It looks attractive to coordinate racetrack-memory(RM) and stochastic-computing (SC) jointly to build an ultra-low power neuron-architecture. However, the above combination has always been questioned in a fatal weakness that the narrow bit-view of the RM-MTJ structure, a.k.a. shift-and-access pattern, cannot physically match the great throughput of direct-stored stochastic sequences. Fortunately, a recently developed Transverse-Read(TR) provides a wider segment-view to RM via detecting the resistance of domain-walls between a couple of MTJs on single nanowire, therefore RM can be enhanced with a faster access to the sequences without any substantial domain-shift. To utilize TR for a power-efficient SC-DNNs, we propose a segment-based compression to leverage one-cycle TR to only read those kernel segments of stochastic sequences, meanwhile, remove a large number of redundant segments for ultra-high storage density. In decompression stage, low-discrepancy stochastic sequences can be quickly reassembled by a select-and-output loop using kernel segments rather than slowly regenerated by costly SNGs. Since TR can provide an ideal in-memory acceleration in one-counting, counter-free SC-MACs are designed and deployed near RMs to form a power-efficient neuron-architecture, in which, the binary results of TR are activated straightforward without sluggish APCs. The results show that under the TR aided RM model, the power efficiency, speed, and stochastic accuracy of Seed-based Fast Stochastic Computing significantly enhance the performance of DNNs. The speed of computation is 2.88x faster in Lenet-5 and 4.40x faster in VGG-19 compared to the CORUSCANT. The integration of TR with RTM is deployed near the memory to create a power-efficient neuron architecture, eliminating the need for slow Accumulative Parallel Counters (APCs) and improving access speed to stochastic sequences.

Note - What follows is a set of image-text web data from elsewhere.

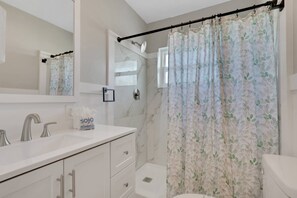 Exterior - 2589 Bayshore Dr (Matlacha)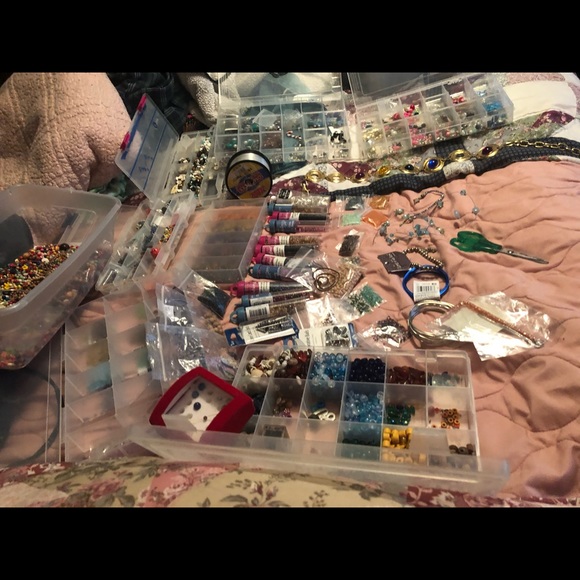 HUGE BEAD LOT! - Picture 1 of 8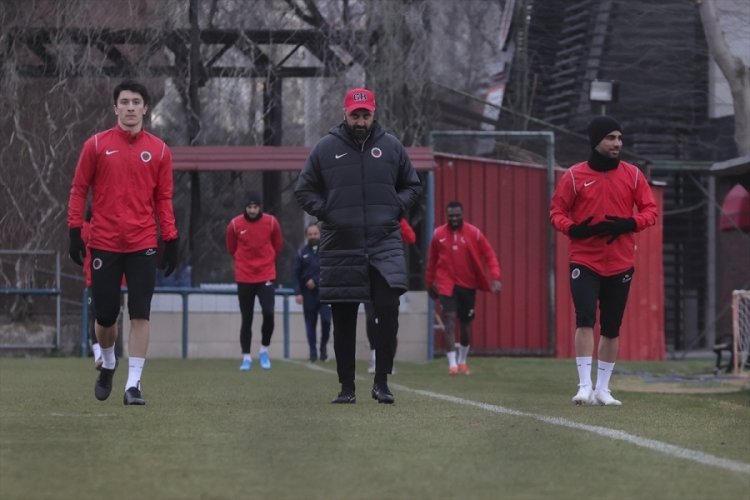 Gen&ccedil;lerbirliği, play-offları hedefliyor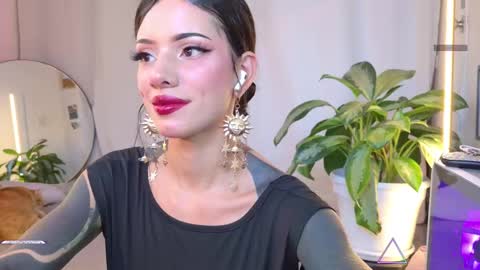 Snapshot of menasaurio_ chatting on March 2, 2025, 7:12 pm Mena  Help me reach 700 thumbs up online show from March 2, 2025, 7:12 pm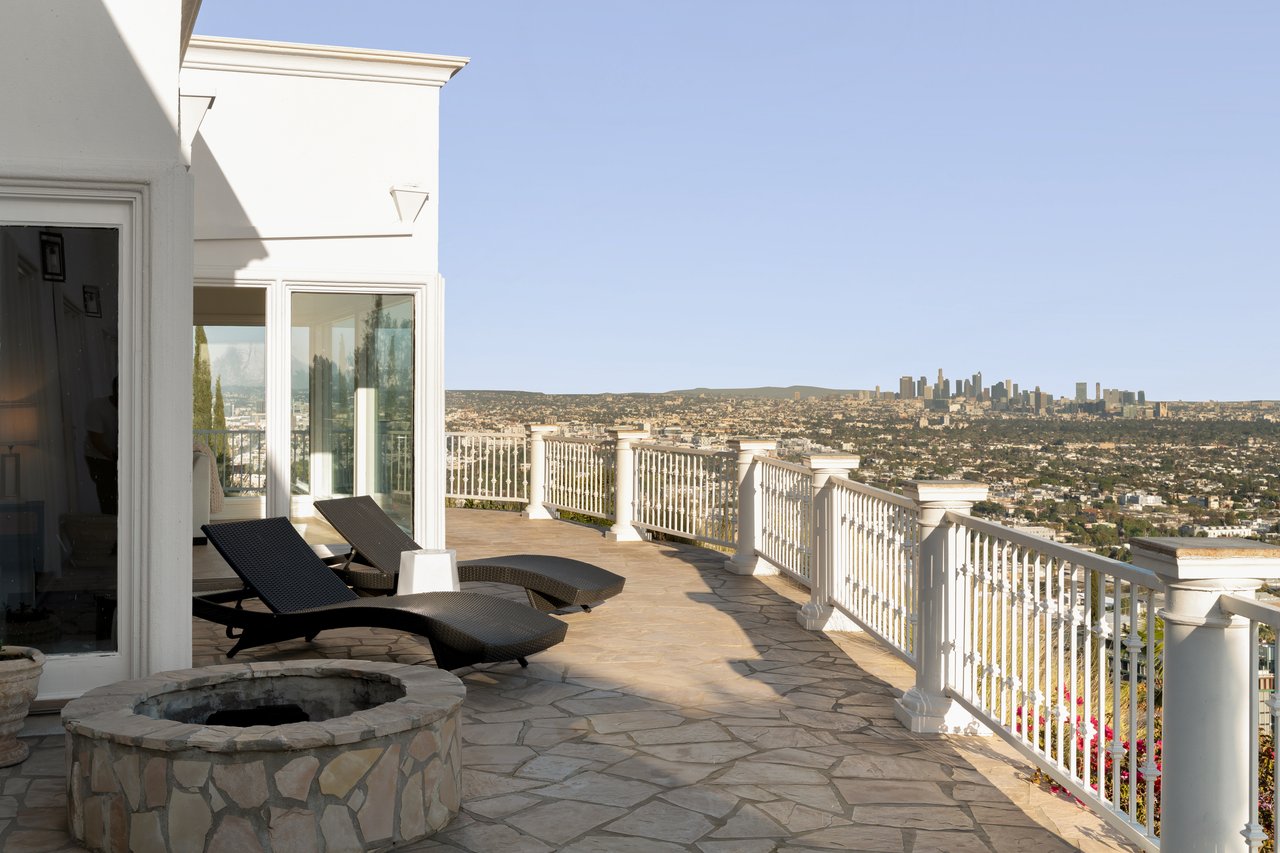 8527 Hedges Way, Hollywood Hills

翻译：将赛道存储器与随机计算协同构建超低功耗神经元架构颇具吸引力。然而，该组合始终存在一个致命缺陷：RM-MTJ结构的窄位视图（即移位访问模式）在物理上无法匹配直接存储随机序列的高吞吐量。幸运的是，最近发展的横向读取技术通过检测单根纳米线上多个MTJ间畴壁的电阻，为RM提供了更宽的段视图，从而可在无需实质性畴移的情况下实现对序列的快速访问。为将TR应用于高能效SC-DNN，我们提出基于段的压缩方法，利用单周期TR仅读取随机序列的核心段，同时移除大量冗余段以实现超高存储密度。在解压缩阶段，低差异随机序列可通过核心段的选择-输出循环快速重组，而非依赖昂贵的随机数生成器缓慢重构。由于TR能在单次计数中提供理想的内存加速，我们设计无计数器SC-MAC单元并部署于RM附近，构建高能效神经元架构，其中TR的二进制结果可直接激活而无需缓慢的累加并行计数器。实验表明，在TR辅助的RM模型下，基于种子的快速随机计算在能效、速度和随机精度上的提升显著增强了DNN性能。与CORUSCANT相比，LeNet-5计算速度提升2.88倍，VGG-19提升4.40倍。TR与RTM的集成部署在存储器近端，形成了高能效神经元架构，消除了对慢速累加并行计数器的需求，并提升了对随机序列的访问速度。